Exercise data |
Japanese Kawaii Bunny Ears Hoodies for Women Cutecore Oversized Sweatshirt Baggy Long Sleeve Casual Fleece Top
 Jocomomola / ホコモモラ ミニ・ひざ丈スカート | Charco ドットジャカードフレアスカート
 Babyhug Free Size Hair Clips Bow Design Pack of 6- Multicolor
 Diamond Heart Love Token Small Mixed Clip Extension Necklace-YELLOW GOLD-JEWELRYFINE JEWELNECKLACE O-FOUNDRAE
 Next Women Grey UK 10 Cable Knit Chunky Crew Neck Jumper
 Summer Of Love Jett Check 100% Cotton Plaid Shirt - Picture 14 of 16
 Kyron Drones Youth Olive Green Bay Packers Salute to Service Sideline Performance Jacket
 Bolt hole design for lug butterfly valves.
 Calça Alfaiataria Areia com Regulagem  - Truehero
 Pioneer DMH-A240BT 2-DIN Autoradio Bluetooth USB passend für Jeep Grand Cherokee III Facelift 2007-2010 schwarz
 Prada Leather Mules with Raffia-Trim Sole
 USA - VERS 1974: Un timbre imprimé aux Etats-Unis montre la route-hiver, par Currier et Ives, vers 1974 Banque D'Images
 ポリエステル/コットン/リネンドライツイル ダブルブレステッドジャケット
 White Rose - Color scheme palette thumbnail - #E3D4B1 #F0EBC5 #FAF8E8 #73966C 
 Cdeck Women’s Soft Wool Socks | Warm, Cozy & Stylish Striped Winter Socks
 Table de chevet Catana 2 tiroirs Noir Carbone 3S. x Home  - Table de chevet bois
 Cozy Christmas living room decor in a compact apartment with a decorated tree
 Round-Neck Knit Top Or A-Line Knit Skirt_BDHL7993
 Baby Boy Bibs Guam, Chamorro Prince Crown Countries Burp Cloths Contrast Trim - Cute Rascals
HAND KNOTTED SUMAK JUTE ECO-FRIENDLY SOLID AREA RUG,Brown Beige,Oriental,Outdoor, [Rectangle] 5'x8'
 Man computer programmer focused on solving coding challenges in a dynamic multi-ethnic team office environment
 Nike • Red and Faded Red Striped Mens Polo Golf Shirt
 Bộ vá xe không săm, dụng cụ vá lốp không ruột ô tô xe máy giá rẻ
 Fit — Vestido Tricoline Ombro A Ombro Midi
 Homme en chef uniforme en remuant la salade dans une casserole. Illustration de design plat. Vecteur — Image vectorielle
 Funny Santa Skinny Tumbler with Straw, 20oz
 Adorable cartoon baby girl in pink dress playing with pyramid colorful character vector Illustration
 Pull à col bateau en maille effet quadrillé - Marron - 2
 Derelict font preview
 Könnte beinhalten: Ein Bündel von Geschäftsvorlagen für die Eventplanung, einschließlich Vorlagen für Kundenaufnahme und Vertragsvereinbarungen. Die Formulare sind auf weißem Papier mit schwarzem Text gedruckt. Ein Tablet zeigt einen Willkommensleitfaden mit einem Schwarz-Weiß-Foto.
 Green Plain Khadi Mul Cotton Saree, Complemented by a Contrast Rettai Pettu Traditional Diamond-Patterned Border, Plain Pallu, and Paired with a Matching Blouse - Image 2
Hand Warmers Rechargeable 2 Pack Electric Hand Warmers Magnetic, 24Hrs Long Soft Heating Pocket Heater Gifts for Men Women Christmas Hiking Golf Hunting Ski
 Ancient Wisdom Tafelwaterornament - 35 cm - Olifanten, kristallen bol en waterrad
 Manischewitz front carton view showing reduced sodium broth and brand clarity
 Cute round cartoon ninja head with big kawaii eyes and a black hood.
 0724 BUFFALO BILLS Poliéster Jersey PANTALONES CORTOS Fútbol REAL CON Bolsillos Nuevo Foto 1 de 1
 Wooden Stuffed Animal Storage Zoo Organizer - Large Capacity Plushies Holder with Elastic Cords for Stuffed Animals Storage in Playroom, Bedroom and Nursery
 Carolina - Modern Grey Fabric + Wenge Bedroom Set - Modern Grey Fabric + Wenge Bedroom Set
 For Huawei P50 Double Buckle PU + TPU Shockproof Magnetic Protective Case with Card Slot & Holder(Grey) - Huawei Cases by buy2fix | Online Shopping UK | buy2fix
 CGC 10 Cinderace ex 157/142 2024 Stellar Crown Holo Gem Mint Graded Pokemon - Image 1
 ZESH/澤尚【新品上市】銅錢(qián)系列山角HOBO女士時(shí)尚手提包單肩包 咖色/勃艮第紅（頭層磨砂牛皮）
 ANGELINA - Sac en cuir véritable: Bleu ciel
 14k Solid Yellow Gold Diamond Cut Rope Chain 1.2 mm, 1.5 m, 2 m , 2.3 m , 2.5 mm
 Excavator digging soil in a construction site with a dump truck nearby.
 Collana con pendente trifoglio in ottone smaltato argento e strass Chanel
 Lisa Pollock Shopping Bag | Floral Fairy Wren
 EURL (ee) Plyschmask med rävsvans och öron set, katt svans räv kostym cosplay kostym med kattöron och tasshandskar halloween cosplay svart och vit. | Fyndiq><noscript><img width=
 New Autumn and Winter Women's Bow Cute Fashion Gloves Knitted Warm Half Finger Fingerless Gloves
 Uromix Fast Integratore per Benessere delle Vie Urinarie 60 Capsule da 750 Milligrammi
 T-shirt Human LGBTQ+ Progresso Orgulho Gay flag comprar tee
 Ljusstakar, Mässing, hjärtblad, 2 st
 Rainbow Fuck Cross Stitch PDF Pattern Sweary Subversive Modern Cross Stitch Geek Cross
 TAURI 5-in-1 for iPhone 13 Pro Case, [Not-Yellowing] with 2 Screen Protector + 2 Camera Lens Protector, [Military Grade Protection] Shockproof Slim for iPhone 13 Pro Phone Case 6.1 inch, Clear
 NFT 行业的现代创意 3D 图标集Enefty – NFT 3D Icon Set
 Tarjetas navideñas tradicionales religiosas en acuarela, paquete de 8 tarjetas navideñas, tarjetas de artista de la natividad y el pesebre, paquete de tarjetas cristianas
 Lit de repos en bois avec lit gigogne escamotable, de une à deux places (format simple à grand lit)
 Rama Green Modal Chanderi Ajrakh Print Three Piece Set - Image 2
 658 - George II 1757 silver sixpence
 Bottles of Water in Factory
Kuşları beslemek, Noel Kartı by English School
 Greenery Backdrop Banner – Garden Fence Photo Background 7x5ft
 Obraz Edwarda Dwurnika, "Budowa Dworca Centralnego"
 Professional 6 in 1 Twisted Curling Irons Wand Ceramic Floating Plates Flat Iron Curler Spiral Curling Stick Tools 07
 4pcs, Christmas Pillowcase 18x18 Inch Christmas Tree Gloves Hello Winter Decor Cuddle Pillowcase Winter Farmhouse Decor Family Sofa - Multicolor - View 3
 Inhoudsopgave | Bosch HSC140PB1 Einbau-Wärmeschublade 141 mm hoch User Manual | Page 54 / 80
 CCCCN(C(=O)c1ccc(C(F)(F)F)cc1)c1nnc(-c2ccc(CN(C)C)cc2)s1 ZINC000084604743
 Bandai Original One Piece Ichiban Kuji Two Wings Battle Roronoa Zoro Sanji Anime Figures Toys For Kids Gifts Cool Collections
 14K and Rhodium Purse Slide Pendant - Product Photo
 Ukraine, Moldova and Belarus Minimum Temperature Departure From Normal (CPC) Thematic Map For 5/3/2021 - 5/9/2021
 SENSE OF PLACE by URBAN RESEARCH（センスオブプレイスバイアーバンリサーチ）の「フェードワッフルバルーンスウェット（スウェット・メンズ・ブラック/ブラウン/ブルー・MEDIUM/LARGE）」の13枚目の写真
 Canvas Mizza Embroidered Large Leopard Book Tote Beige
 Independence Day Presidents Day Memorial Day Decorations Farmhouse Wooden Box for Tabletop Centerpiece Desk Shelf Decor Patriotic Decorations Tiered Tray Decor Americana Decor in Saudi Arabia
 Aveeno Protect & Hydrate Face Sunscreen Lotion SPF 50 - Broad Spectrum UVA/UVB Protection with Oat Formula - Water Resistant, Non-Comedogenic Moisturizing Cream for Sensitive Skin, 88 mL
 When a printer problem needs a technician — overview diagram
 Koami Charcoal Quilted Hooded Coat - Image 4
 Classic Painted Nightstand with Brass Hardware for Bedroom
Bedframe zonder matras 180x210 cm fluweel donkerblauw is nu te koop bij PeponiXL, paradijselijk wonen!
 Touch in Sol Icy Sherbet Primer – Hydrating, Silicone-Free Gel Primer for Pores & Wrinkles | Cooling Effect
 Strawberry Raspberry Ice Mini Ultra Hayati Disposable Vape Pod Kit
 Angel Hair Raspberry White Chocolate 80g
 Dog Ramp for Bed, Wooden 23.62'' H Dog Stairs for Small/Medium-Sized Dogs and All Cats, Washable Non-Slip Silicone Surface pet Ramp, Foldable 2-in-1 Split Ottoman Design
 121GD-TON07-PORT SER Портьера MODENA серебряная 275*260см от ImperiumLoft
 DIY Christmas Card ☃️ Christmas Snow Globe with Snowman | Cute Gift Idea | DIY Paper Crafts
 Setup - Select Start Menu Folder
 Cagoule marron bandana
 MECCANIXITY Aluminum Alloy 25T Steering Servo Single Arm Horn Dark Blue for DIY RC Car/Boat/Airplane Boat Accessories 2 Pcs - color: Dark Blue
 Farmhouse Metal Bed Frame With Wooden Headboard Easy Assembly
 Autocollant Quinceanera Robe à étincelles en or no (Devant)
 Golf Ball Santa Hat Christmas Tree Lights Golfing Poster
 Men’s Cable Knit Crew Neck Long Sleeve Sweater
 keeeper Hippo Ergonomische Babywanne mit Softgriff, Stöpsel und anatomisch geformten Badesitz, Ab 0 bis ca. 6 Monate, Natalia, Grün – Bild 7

Task description |
Exactly as they stand, set down the lines from the top of the data through the line with "Baby Boy Bibs".

Solution |
Japanese Kawaii Bunny Ears Hoodies for Women Cutecore Oversized Sweatshirt Baggy Long Sleeve Casual Fleece Top
 Jocomomola / ホコモモラ ミニ・ひざ丈スカート | Charco ドットジャカードフレアスカート
 Babyhug Free Size Hair Clips Bow Design Pack of 6- Multicolor
 Diamond Heart Love Token Small Mixed Clip Extension Necklace-YELLOW GOLD-JEWELRYFINE JEWELNECKLACE O-FOUNDRAE
 Next Women Grey UK 10 Cable Knit Chunky Crew Neck Jumper
 Summer Of Love Jett Check 100% Cotton Plaid Shirt - Picture 14 of 16
 Kyron Drones Youth Olive Green Bay Packers Salute to Service Sideline Performance Jacket
 Bolt hole design for lug butterfly valves.
 Calça Alfaiataria Areia com Regulagem  - Truehero
 Pioneer DMH-A240BT 2-DIN Autoradio Bluetooth USB passend für Jeep Grand Cherokee III Facelift 2007-2010 schwarz
 Prada Leather Mules with Raffia-Trim Sole
 USA - VERS 1974: Un timbre imprimé aux Etats-Unis montre la route-hiver, par Currier et Ives, vers 1974 Banque D'Images
 ポリエステル/コットン/リネンドライツイル ダブルブレステッドジャケット
 White Rose - Color scheme palette thumbnail - #E3D4B1 #F0EBC5 #FAF8E8 #73966C 
 Cdeck Women’s Soft Wool Socks | Warm, Cozy & Stylish Striped Winter Socks
 Table de chevet Catana 2 tiroirs Noir Carbone 3S. x Home  - Table de chevet bois
 Cozy Christmas living room decor in a compact apartment with a decorated tree
 Round-Neck Knit Top Or A-Line Knit Skirt_BDHL7993
 Baby Boy Bibs Guam, Chamorro Prince Crown Countries Burp Cloths Contrast Trim - Cute Rascals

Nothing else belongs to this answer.